EirGenix Signs Exclusive License Agreement for Biosimilar EG1206A with Sandoz

EirGenix Forms Strategic Partnership for HER2 Biosimilar

EirGenix Inc., a Taiwanese biopharmaceutical company, made headlines on November 12, 2025, by announcing the signing of an exclusive global license agreement with Sandoz AG, a global leader in biosimilars. This partnership focuses on EirGenix’s HER2 biosimilar, EG1206A, which is aimed at treating HER2-positive breast cancer, a condition affecting a significant number of patients worldwide.

Details of the Agreement

The agreement specifically excludes territories such as Taiwan, mainland China, South Korea, and several others in the Asia-Pacific region. Under the terms, EirGenix is set to receive up to $152 million in upfront and milestone payments, in addition to earning royalties once the product hits the market. This collaboration not only enhances EirGenix's financial standing but also solidifies its commitment to the development of innovative biosimilar treatments.

EirGenix has already completed pharmacokinetic studies for EG1206A and has received favorable feedback from both the FDA and the European Medicines Agency (EMA) regarding a shortened development path that avoids lengthy Phase III comparative efficacy trials. This clearance can significantly expedite market access for the new biosimilar.

Background on Breast Cancer Treatment

The World Health Organization reports that approximately 2.3 million women are diagnosed with breast cancer each year, with nearly 20% of those cases being HER2-positive. The standard treatment currently involves a combination of Trastuzumab and Pertuzumab—a regimen that has proven effective but continues to evolve. Recent studies also suggest that the combination of Pertuzumab with Trastuzumab Deruxtecan (Enhertu) might represent a new frontline therapy for HER2-positive metastatic breast cancer, indicating a promising avenue for the potential of EG1206A in the market.

With the introduction of EG1206A, patients now have access to a new second-generation biosimilar option that complements EirGenix’s existing biosimilar EG12014 (a Trastuzumab biosimilar), which has already been approved in Europe and is undergoing a Biologics License Application (BLA) process with the FDA.

Strategic Implications

This collaborative effort further strengthens the established relationship between Sandoz and EirGenix. The two companies had previously teamed up for a marketing agreement on EG12014, symbolizing a growing alignment in their pursuit of providing affordable cancer therapies globally. Sandoz has long been recognized as a leader in the production of high-quality generic and biosimilar medications, emphasizing access and affordability for patients.

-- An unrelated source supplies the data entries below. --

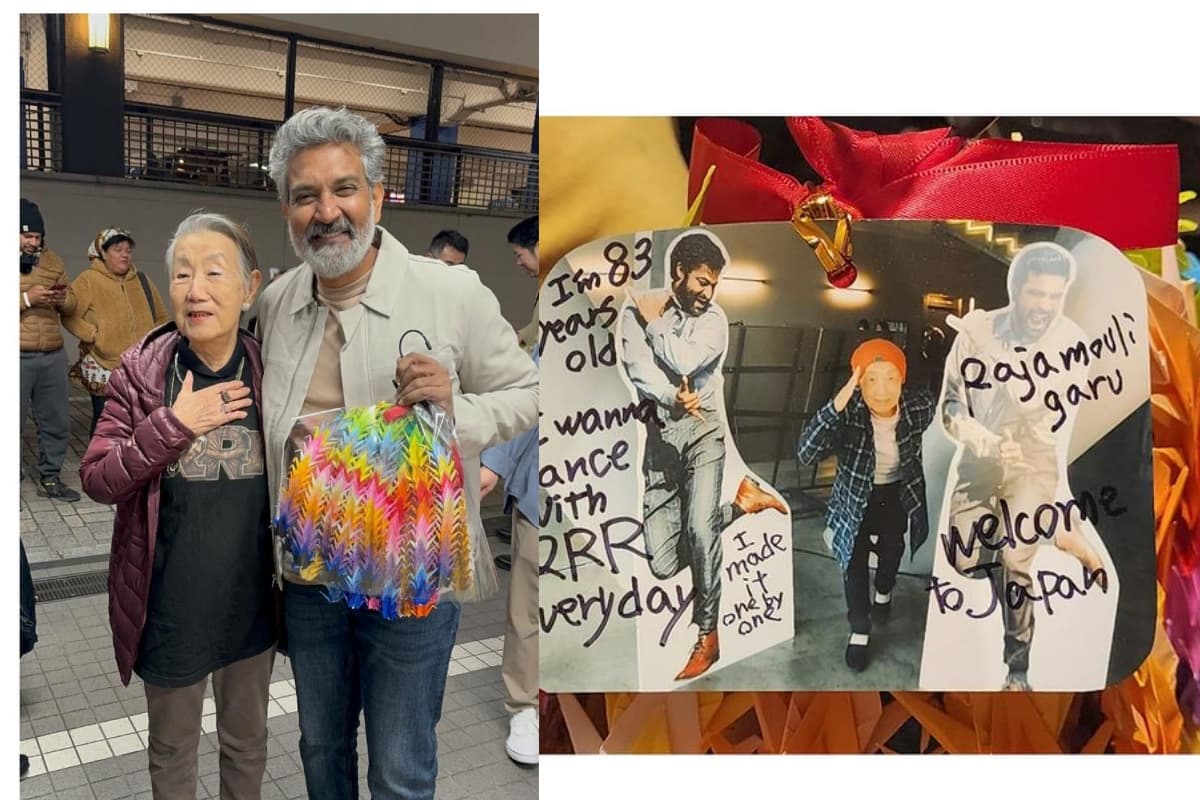 जापान में RRR की स्पेशल स्क्रीनिंग में SS राजामौली को फैन से मिला ये स्पेशल गिफ्ट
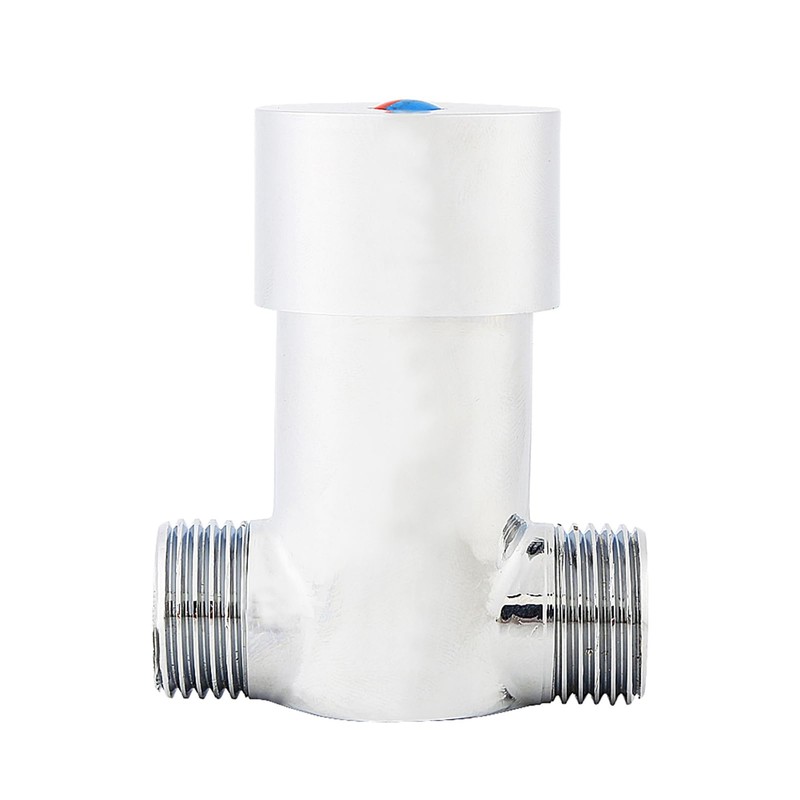 Jiawu G1/2 Brass Hot Cold Water Mixing Valve Mixer for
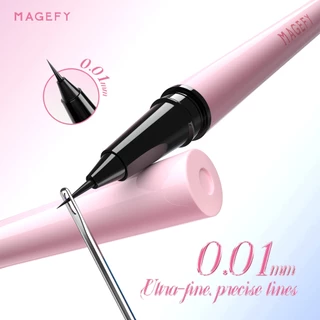 MAGEFY อายไลเนอร์ชนิดน้ําเนื้อละเอียดพิเศษ 0.01 มม. แห้งเร็ว กันน้ํา ติดทนนาน E01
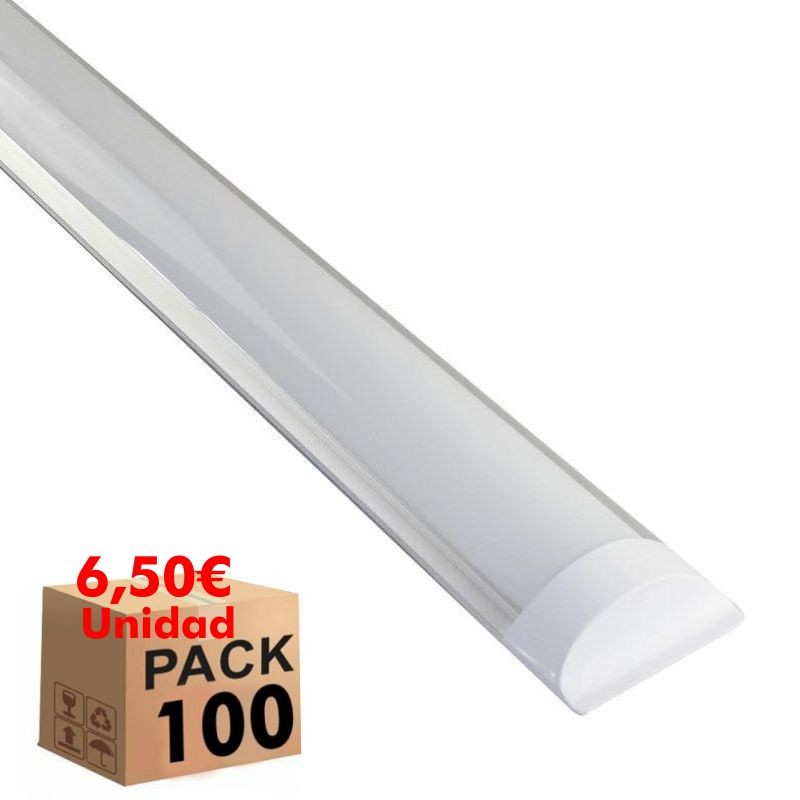 Pack 100 - regleta plana led 36w 120º area-led - Iluminación LED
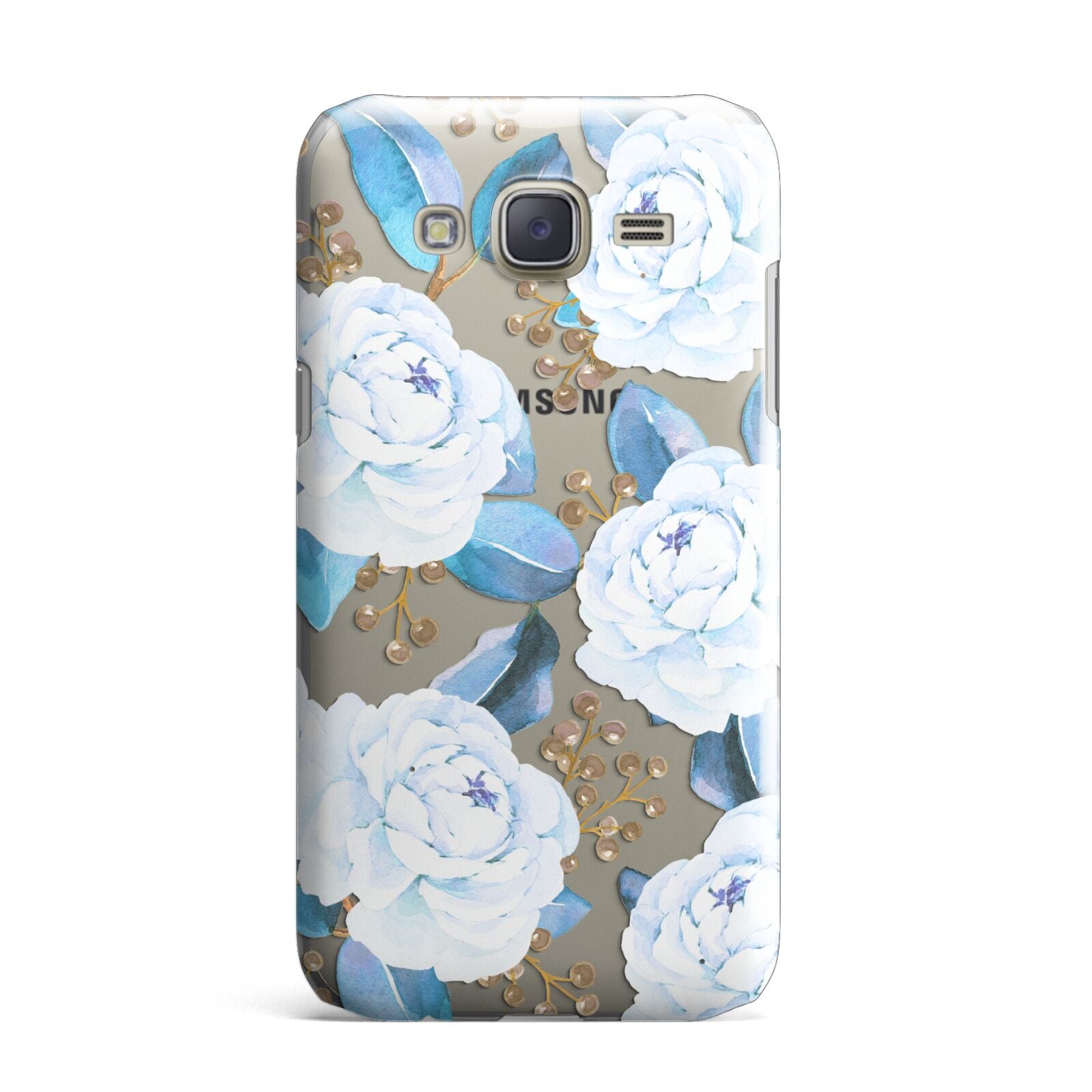 White Peonies Samsung Galaxy J7 Case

According to Roche's 2024 annual report, the global revenue for Perjeta, a key cancer treatment, reached CHF 3.62 billion (approximately USD 4 billion), highlighting the immense market potential for biosimilars like EG1206A.

Future Outlook

The agreement showcases EirGenix's innovative capabilities in reverse engineering to develop competitive biosimilars. As demand for affordable cancer therapies rises globally, EirGenix is accelerating the development of additional HER2-targeted antibody programs while enhancing its product pipeline and CDMO capabilities for further biosimilar projects.

The increasing utilization of EirGenix's commercial production lines demonstrates its commitment to scaling operations in response to global requirements. The company aims to become a significant development and production partner in the biosimilar landscape.

As the sector evolves rapidly, partnerships like that of EirGenix and Sandoz serve as vital components in the fight against cancer, pushing towards more sustainable healthcare solutions while improving patient access to critical treatments.